2025/10/05 18:11:19.103053 < 1165 bytes
2025/10/05 18:11:19.353739 < 1370 bytes
2025/10/05 18:11:19.354352 respond 200: POST /v1/chat/completions
This confirms that:
- OVAI is receiving data chunks from Gemini API
- The response is being processed over ~23 seconds
- The HTTP request completes successfully (200 status)
- However, the content is not being propagated to the streaming response chunks
Diagnostic Evidence
Cross-Endpoint Comparison
Comprehensive testing across all OVAI endpoints reveals the issue is isolated to OpenAI streaming:
| Endpoint | Mode | Status | Evidence |
|---|---|---|---|
/v1/chat/completions |
Streaming | ❌ FAILS | Empty delta.content in all chunks |
/v1/chat/completions |
Non-streaming | ✅ WORKS | Full content returned correctly |
/api/chat (Ollama) |
Streaming | ✅ WORKS | Progressive content chunks delivered |
/api/chat (Ollama) |
Non-streaming | ✅ WORKS | Full content returned correctly |
Detailed Test Results
OpenAI Non-Streaming (Working)
curl http://localhost:22434/v1/chat/completions -d '{
"model": "gemini-2.5-flash-lite",
"messages": [{"role": "user", "content": "Write a haiku about programming"}],
"stream": false
}'
Response (success):
{
"model": "gemini-2.5-flash-lite",
"choices": [{
"index": 0,
"message": {
"role": "assistant",
"content": "Lines of logic flow,\nBuilding worlds with careful thought,\nCode runs, problems solved."
},
"finish_reason": "stop"
}],
"usage": {"prompt_tokens": 8, "completion_tokens": 19, "total_tokens": 27}
}
OpenAI Streaming (Broken)
curl -N http://localhost:22434/v1/chat/completions -d '{
"model": "gemini-2.5-flash-lite",
"messages": [{"role": "user", "content": "Write a haiku about programming"}],
"stream": true
}'
Response (all chunks have empty content):
data: {"choices":[{"index":0,"delta":{"content":""},"finish_reason":null}]}
data: {"choices":[{"index":0,"delta":{"content":""},"finish_reason":null}]}
data: {"choices":[{"index":0,"delta":{"content":""},"finish_reason":"stop"}]}
data: {"choices":[],"usage":{"completion_tokens":19,"prompt_tokens":8,"total_tokens":27}}
data: [DONE]
Ollama API Streaming (Working)
curl -N http://localhost:22434/api/chat -d '{
"model": "gemini-2.5-flash-lite",
"messages": [{"role": "user", "content": "Write a haiku about programming"}],
"stream": true
}'
Response (progressive content chunks):
{"message":{"role":"assistant","content":"Lines"}}
{"message":{"role":"assistant","content":" of text appear,\nLogic flows"}}
{"message":{"role":"assistant","content":" through each line,\nBringing life to dreams."}}
{"message":{"role":"assistant","content":""},"done":true,"done_reason":"stop"}
Total tokens: 21 completion tokens in ~350ms
Root Cause Analysis
The Gemini API is streaming content correctly to OVAI (confirmed by container logs and Ollama endpoint success). The bug is in OVAI's OpenAI compatibility layer, which fails to populate delta.content fields when transforming Gemini's streaming response to OpenAI's Server-Sent Events format.
Key Evidence:
- Same backend generates content successfully (Ollama endpoint proves this)

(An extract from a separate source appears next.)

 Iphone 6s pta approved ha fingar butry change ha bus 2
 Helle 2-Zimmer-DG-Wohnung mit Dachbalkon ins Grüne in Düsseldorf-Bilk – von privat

- Non-streaming OpenAI endpoint works (transformation logic exists for complete responses)
- Container logs show data flow from Gemini API
- Only OpenAI streaming format fails
Likely cause: The OpenAI endpoint's SSE chunk serialization is not extracting content from Gemini's streaming response format.